» REQUIRED WORK:
If a line comes after the one containing "calibrator tablet showed", leave it out; copy every line before it, and that line too, exactly as written, starting from the first line of the entries.

::::

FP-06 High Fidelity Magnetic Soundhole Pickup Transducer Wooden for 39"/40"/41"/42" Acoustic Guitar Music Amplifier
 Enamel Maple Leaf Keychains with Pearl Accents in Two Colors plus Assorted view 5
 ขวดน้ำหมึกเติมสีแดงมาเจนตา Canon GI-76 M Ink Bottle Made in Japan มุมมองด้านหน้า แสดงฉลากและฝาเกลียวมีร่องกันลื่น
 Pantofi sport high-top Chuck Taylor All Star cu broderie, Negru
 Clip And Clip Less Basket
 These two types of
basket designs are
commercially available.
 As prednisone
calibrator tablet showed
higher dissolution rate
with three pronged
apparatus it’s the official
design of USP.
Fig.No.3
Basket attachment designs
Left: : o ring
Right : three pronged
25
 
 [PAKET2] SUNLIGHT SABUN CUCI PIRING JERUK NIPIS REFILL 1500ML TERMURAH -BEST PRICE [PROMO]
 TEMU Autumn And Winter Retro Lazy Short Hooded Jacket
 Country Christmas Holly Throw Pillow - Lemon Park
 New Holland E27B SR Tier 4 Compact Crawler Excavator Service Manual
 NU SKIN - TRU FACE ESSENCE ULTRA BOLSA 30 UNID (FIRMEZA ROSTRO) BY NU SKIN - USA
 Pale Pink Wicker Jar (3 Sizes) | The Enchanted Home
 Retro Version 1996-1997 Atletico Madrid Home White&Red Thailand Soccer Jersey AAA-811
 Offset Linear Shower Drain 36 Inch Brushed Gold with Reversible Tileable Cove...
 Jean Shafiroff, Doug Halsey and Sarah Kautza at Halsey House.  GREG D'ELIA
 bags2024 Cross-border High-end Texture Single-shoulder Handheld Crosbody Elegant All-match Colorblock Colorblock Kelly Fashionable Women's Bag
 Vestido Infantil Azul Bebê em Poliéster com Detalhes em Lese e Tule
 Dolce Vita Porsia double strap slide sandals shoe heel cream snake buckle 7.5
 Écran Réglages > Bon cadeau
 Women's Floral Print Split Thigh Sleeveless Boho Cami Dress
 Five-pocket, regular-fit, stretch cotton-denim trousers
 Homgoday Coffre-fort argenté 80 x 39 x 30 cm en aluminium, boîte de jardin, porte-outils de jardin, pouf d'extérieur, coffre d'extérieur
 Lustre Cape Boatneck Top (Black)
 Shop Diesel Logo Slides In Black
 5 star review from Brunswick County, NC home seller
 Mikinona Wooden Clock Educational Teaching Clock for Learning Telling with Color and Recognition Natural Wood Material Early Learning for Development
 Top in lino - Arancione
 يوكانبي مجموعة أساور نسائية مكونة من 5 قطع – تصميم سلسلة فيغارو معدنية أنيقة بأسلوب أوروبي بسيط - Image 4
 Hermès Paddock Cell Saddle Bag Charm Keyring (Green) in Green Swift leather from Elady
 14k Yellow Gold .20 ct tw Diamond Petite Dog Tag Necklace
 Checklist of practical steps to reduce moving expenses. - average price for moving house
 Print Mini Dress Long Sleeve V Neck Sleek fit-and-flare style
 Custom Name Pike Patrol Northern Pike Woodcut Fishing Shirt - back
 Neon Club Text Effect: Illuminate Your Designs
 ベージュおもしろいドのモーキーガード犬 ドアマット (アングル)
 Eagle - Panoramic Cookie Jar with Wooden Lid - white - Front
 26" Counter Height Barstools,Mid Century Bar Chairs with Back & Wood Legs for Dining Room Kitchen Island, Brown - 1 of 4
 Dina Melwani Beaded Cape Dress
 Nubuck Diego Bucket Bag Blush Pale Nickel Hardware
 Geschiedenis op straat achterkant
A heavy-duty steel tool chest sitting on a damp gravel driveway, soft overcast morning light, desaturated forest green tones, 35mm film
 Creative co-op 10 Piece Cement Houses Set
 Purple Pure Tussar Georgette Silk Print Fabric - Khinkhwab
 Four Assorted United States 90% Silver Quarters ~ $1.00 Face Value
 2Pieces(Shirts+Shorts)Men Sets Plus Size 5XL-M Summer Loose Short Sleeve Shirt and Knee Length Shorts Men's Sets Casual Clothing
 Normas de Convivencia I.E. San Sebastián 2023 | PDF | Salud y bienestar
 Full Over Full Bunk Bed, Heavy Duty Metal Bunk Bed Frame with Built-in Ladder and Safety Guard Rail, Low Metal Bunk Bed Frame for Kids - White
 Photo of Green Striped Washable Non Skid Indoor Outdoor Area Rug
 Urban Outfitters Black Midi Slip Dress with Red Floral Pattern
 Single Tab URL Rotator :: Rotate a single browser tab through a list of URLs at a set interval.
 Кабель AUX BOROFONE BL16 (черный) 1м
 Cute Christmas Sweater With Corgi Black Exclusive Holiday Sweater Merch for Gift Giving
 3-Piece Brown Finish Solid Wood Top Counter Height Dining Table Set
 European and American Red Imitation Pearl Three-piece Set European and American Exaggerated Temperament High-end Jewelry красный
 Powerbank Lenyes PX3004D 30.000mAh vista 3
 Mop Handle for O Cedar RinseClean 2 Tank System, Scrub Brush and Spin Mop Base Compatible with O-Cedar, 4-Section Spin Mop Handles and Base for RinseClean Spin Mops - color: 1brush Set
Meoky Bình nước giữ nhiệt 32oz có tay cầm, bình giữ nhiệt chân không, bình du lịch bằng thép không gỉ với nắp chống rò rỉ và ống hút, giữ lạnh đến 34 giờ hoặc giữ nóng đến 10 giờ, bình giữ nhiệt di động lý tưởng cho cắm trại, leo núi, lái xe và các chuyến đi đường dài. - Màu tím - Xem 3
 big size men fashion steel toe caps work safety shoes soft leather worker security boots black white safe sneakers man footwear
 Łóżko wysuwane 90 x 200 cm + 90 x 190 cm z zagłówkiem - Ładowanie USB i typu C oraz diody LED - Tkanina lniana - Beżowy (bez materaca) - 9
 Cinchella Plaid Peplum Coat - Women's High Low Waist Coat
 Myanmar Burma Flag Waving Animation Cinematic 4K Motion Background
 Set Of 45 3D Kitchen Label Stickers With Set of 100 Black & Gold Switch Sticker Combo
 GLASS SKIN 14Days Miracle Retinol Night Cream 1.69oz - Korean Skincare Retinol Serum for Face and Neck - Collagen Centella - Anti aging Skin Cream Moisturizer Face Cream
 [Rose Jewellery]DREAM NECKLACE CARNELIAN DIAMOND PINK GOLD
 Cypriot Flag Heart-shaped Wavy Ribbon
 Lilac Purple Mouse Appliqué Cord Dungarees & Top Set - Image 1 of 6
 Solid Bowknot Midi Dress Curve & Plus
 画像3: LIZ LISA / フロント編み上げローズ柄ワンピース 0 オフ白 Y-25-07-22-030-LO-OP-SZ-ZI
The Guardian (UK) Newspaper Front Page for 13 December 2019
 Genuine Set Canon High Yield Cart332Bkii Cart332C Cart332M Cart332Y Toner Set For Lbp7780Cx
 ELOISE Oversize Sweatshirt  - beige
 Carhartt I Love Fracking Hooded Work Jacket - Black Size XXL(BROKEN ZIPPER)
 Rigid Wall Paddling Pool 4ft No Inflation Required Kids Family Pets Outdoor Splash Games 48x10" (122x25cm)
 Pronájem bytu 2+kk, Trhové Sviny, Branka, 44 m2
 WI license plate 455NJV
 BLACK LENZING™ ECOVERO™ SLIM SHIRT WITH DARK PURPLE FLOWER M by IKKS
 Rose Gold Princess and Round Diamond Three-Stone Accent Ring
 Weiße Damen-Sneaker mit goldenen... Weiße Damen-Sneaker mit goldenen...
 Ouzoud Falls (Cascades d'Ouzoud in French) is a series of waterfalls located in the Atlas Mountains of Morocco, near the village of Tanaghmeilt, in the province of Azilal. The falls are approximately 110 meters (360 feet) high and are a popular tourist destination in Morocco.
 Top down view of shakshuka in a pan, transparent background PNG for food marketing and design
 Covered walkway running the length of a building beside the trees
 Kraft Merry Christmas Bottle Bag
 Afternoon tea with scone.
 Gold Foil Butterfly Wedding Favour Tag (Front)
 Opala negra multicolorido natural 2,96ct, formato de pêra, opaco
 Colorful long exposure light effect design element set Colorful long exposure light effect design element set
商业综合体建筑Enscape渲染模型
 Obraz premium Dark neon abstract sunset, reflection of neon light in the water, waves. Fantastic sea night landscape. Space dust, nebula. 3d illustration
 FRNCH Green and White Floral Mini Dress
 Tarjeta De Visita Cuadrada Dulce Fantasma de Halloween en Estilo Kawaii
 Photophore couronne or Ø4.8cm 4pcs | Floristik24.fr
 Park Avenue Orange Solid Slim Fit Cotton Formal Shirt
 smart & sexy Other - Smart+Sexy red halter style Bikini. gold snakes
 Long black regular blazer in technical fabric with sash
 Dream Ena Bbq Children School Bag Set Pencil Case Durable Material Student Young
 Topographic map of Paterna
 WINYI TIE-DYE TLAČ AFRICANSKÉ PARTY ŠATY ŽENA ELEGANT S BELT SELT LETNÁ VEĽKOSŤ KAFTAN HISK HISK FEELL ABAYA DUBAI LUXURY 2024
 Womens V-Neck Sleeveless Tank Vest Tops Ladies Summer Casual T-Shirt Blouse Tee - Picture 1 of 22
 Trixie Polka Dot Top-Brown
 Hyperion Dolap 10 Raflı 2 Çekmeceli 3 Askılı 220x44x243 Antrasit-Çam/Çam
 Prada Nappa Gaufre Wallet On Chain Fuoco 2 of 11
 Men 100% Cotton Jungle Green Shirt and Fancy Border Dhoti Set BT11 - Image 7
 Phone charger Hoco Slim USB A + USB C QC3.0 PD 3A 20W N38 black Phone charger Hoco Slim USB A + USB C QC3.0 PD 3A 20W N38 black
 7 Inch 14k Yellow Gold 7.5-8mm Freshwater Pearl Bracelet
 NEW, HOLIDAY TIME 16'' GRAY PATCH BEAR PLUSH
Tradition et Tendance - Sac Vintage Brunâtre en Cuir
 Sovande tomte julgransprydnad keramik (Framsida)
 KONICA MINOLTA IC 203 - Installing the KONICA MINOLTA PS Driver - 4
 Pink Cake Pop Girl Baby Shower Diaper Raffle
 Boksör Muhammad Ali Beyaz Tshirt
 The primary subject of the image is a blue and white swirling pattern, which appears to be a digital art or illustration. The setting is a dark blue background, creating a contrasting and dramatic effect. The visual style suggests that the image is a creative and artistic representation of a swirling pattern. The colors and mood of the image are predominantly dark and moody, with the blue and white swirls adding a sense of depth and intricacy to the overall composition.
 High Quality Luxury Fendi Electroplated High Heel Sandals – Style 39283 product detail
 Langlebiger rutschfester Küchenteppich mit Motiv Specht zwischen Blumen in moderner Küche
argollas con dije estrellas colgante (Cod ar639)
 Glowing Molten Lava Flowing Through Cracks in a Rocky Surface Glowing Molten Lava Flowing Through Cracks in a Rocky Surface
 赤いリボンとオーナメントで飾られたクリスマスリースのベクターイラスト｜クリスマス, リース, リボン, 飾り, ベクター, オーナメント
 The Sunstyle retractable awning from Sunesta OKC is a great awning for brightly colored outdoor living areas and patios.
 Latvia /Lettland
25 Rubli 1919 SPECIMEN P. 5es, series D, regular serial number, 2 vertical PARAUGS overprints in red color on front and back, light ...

::::

» ANSWER BOX:
FP-06 High Fidelity Magnetic Soundhole Pickup Transducer Wooden for 39"/40"/41"/42" Acoustic Guitar Music Amplifier
 Enamel Maple Leaf Keychains with Pearl Accents in Two Colors plus Assorted view 5
 ขวดน้ำหมึกเติมสีแดงมาเจนตา Canon GI-76 M Ink Bottle Made in Japan มุมมองด้านหน้า แสดงฉลากและฝาเกลียวมีร่องกันลื่น
 Pantofi sport high-top Chuck Taylor All Star cu broderie, Negru
 Clip And Clip Less Basket
 These two types of
basket designs are
commercially available.
 As prednisone
calibrator tablet showed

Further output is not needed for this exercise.